─── Provided information ───
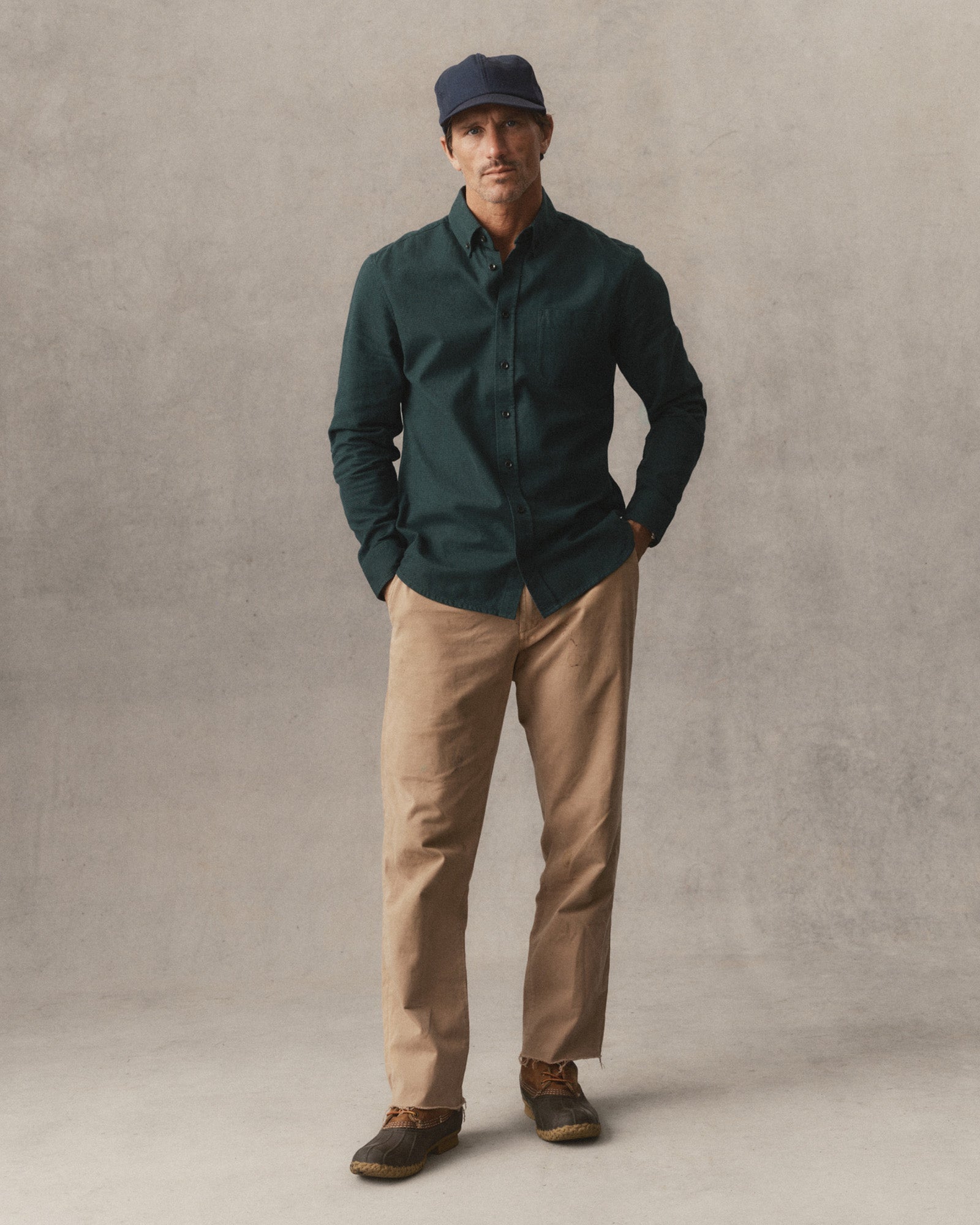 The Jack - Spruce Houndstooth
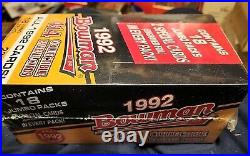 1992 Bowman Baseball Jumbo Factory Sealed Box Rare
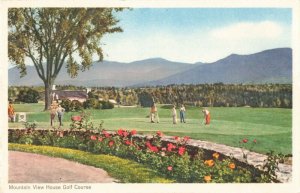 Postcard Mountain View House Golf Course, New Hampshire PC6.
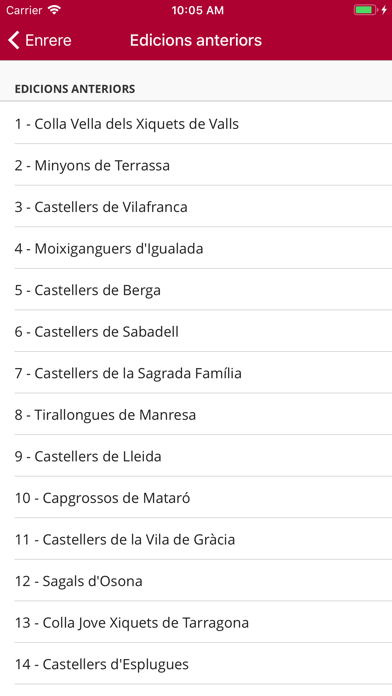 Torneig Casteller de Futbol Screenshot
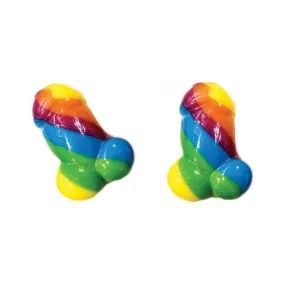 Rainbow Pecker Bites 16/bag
───
▶ What is needed: In the listing above, retype exactly, and only, the lines from the one containing "Torneig Casteller de Futbol Screenshot" through the last line, both included. Omit the pictures.

▶ Written answer:
 Torneig Casteller de Futbol Screenshot
 Rainbow Pecker Bites 16/bag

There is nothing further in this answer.